7 De kantonrechter is van oordeel dat sprake is van een schending van de hoorplicht, maar niet van een structurele schending. [1] De kantonrechter zal dan ook overgaan tot het vernietigen van de beslissing van de officier van justitie. Nu geen sprake is van een structurele schending en betrokkene in administratief beroep werd bijgestaan door een professioneel gemachtigde, ziet de kantonrechter geen aanleiding om de boete te matigen met 25%. Nu wel sprake is van een schending van de hoorplicht is het beroep de beslissing van de officier van justitie gegrond, maar blijft de opgelegde sanctie in stand. Het beroep tegen de inleidende beschikking is ongegrond. Voor een proceskostenvergoeding bestaat geen aanleiding.

Conclusie

De kantonrechter:
  • verklaart het beroep tegen de beslissing van de officier van justitie gegrond;
  • vernietigt die beslissing;
  • verklaart het beroep tegen de inleidende beschikking ongegrond.
Waarvan proces-verbaal,
mr. R. Krikke, griffier mr. C.H. de Groot, kantonrechter

Rechtsmiddel

Als u het met de beslissing op uw beroep niet eens bent, dan kunt u binnen zes weken na de hieronder vermelde datum van toezending van deze beslissing hoger beroep instellen bij het
gerechtshof Arnhem - Leeuwarden, maar alleen als:
a. de u opgelegde administratieve boete meer dan € 110,00 bedraagt, of
b. uw beroep niet-ontvankelijk is verklaard omdat u geen (of niet op tijd) zekerheid heeft gesteld.
Het (hoger) beroepschrift moet worden ingediend bij de rechtbank Noord-Nederland, Afdeling Bestuursrecht, locatie Groningen (Postbus 150, 9700 AD Groningen).
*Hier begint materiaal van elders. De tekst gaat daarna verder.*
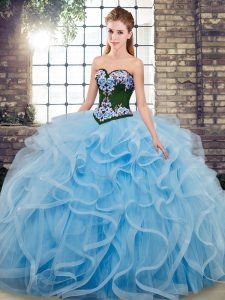 Smart Baby Blue Tulle Lace Up Ball Gown Prom Dress Sleeveless Sweep Train Embroidery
U dient daarbij het zaaknummer te vermelden.
De wet gaat uit van een geheel schriftelijke procedure, tenzij door u bij het (hoger) beroepschrift uitdrukkelijk om een zitting is gevraagd.
Afschrift verzonden aan partijen op:

Voetnoten

1.Hof Arnhem-Leeuwarden, 22 november 2022, ECLI:NL:GHARL:2022:9934.